Thursday, July 14, 2011

Sandy & Ian: Our reason to be here

We arrived in Colorado Springs on Saturday, July 2. This was my first sweep day, lucky enough to have a nice short day to sweep alongside Chuck. Sweeping allows time to relax during the ride and chat with another rider you may not ride with often, as such the case with us since Chuck is a fast rider and I am average to slow. We stayed at Sunrise Church on the uphill outskirts of CoSp.
12 of us spent our first night camped at Barr Trail trailhead in a parking lot in Manitou Springs, just 15 miles from CoSp. Asleep by 11p, up at 430a, ready to hike Pike's Peak. Only on Bike & Build do people use their last day off to ascend 7000ft to 14,110ft. Another group went white water rafting. There is no such thing as solid relaxation here :) Also note, it snowed on us, twice, beginning of July. So amazing!!
We spent the next 6 days working on a Blitz Build with Pike's Peak Habitat for Humanity. Our SC2SC route is unique in that it participates in this Blitz Build every year. They are currently building houses in a subdivision near our host, giving each house a beautiful view of the mountains around it. NC2SD was in CoSp the week before for a regular one or two day build day where they laid foundation for the house we built. The house we built is for Sandy & Ian, a single mom and her 10 year old son. They worked alongside us, along with our supervisor Memo and "the regulars"- a dependable group of retired guys who usually know a thing or two about construction and will instruct you whether they know or only think that they know what they're doing:)
We arrived on Independence Day to a concrete hole. By the end of the first day, we had the crawl space, "Ian's man cave", dry walled & finished, as well as the floor laid and wall frames started. Tuesday's end had a nearly completely framed house standing. Day 3 began the rise off the ground officially by assembling scaffolding which allowed for the roof tresses to be added. Daily afternoon storms slowed work each day when the lightning started to get too close, so we'd pause until it was a safe distance away. The rest of the week was spent foaming, sheeting, siding the house and decking and shingling the roof. There were few times people were without jobs, which was impressive considering there were about 40-45 people working at any given time. We left the work site on Saturday with a very impressive house standing. We knocked off about a month or two's worth of work in one week. Hopefully they will be moved in by Christmas.

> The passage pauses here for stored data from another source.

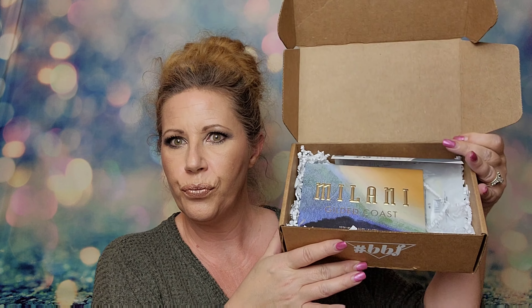The first thing I got is a Milani palette. We were able to choose from two different palettes — this one is the Gilded Coast. I've used several Milani products before and I really like them. You could have chosen the Gilded Coast palette or the Jewel eyeshadow palette, both from Milani, and these retail for $20 — so that right there covers the box. It's got a cute little mirror, gorgeous colors — some really pretty neutrals, shimmers, and a pop of blue.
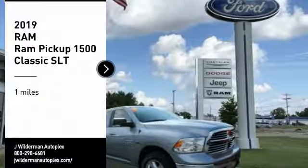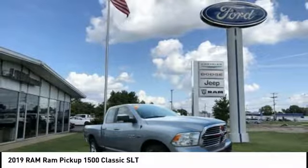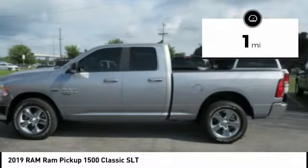Pick up this great vehicle, which is available today. This could be the one you've been searching for. Contact the dealer today and get behind the wheel. This vehicle has less than 100 miles.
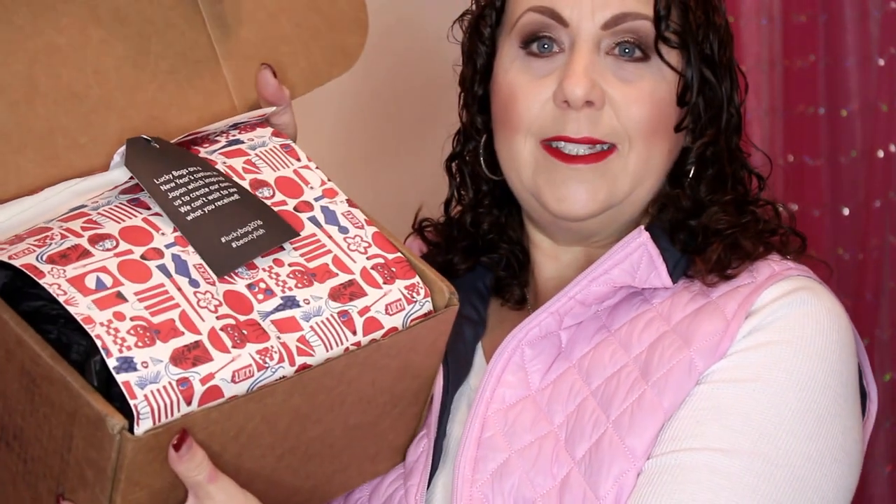It came packaged really cute. Basically, lucky bags are a New Year's custom in Japan, which inspired them to create their own. The card says hashtag Lucky Bag 2016. And not only was this a lucky bag for me, but it's a lucky bag for you too — so you gotta wait to find out what I'm talking about.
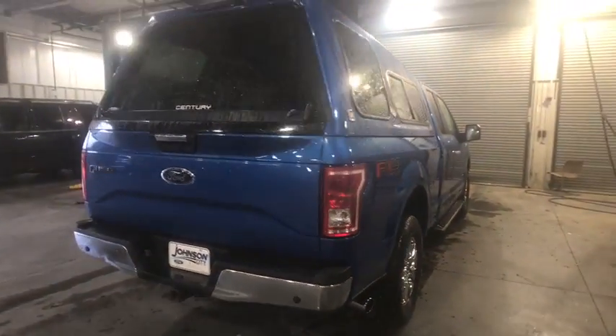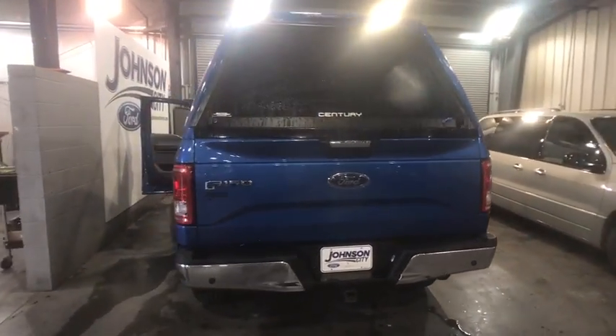This vehicle has less than 30,000 miles. Here are some of this vehicle's great options.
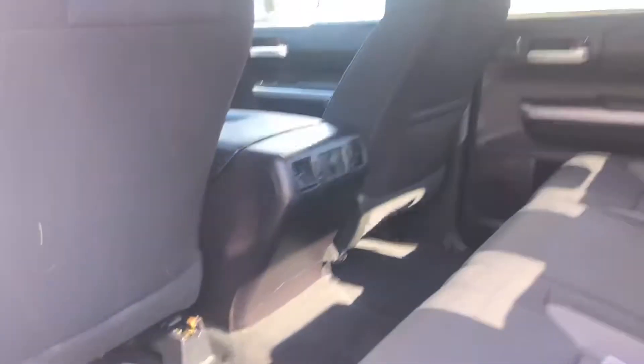Moving to the very back of the vehicle, you have a lot of leg and knee room for your passengers. This is a CrewMax. You also have extra storage space by lifting up these seats.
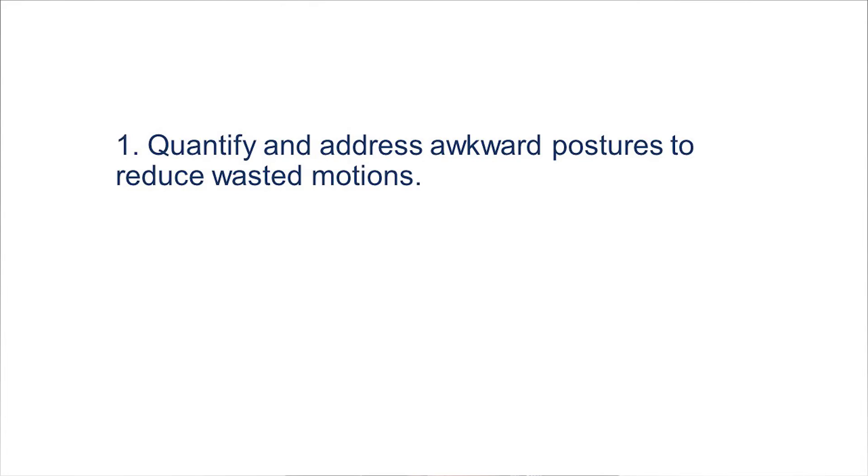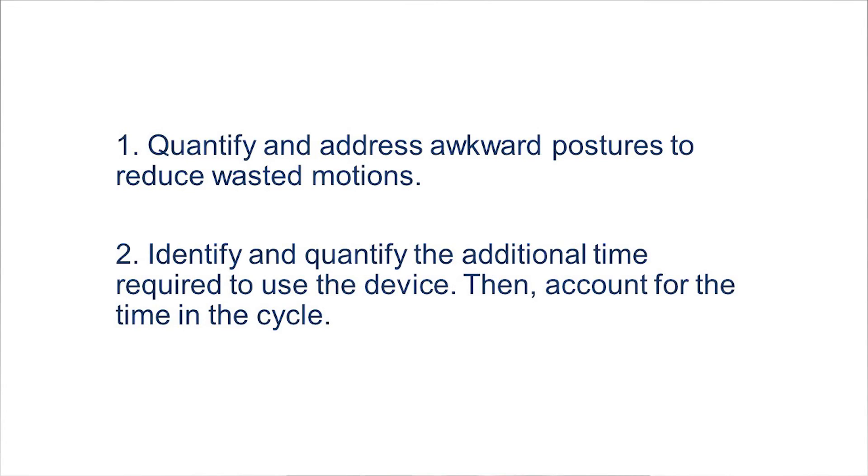So, what can we do to improve this? How can we help management? There are two recommendations. First, we need to quantify as well as address the awkward postures in the workplace. If we address those and reduce them, we're also going to save some time and reduce those wasted motions. Second, we need to identify and quantify the additional time needed to use the device, and then account for that time in the cycle. Overall, using these two recommendations, we can improve the effectiveness as well as the efficiency of these devices and improve use.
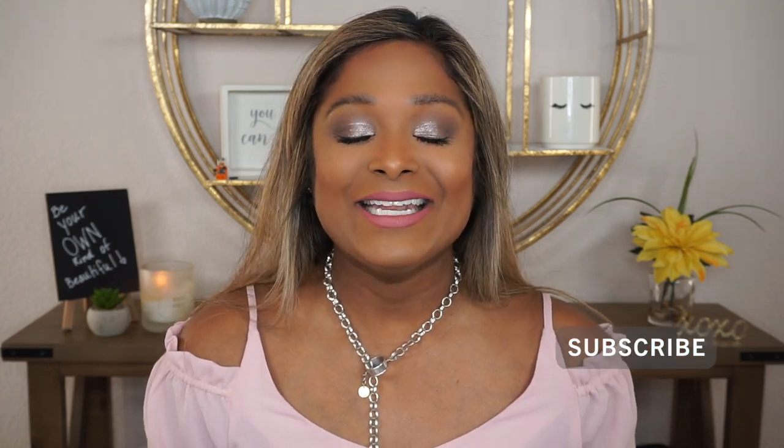I hope you guys enjoyed me demoing these more inexpensive products by the Essence line. Let me know if you've tried any of these products, if you have any questions, and what you think of this look — leave those in the comments below. Everything will be listed in the description box as always. If you enjoy videos like these, don't forget to hit that subscribe button before you leave. I love you guys, be blessed, and I will see you in the very next one. Bye.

Each day started at 830a, worked hard til the train whistle blew for lunch at noon. We'd chow down on delicious food provided by various people, set up by Lindsey, the HFH volunteer director. Solid hour lunch before afternoon work until clean up at 4p. Each day was a solid work day, which meant we earned our fun afterwards. Tuesday, we had an alley cat race where guys and girls were partnered up, expected to dress in costume, and given a route where we raced to checkpoints where there was a challenge, like piggy back races and a gallon challenge. helped keep us on the bike during our week off. Friday was Prom. As self-appointed prom committee chairperson, I got decorations and decorated one of the church rooms in ridiculous discount party deco. One of the riders was DJ. People creatively asked each other to prom throughout the past couple weeks, then donned some amazing outfits for the big night. Saturday, we worked with an organization called Bikes for Kids, which worked with Habitat to make sure all the kids in the subdivision had a bicycle & helmet. Specialized donated 5 bikes for the event. We helped with a bike rodeo where about 15 neighborhood kids came to decorate their bikes, paint faces, and ride through obstacles and games to practice bike safety.
The week was the pinnacle of our summer, reminding us why we're riding across the country. Sandy spoke at the ground blessing ceremony, causing many of us to tear up. She is so overwhelmingly grateful and appreciative of our work and sponsorship. This project is one of the big ways we donate our hard earned funds we all raised before hand. Our trip alone has raised over $150,000. Between the 8 trips, we hope to *donate* $500,000 to the affordable housing mission. We sponsored this Blitz Build with, I believe, $55,000. This is what we're here for. Sandy & Ian. Thank you to them for trusting us with their house!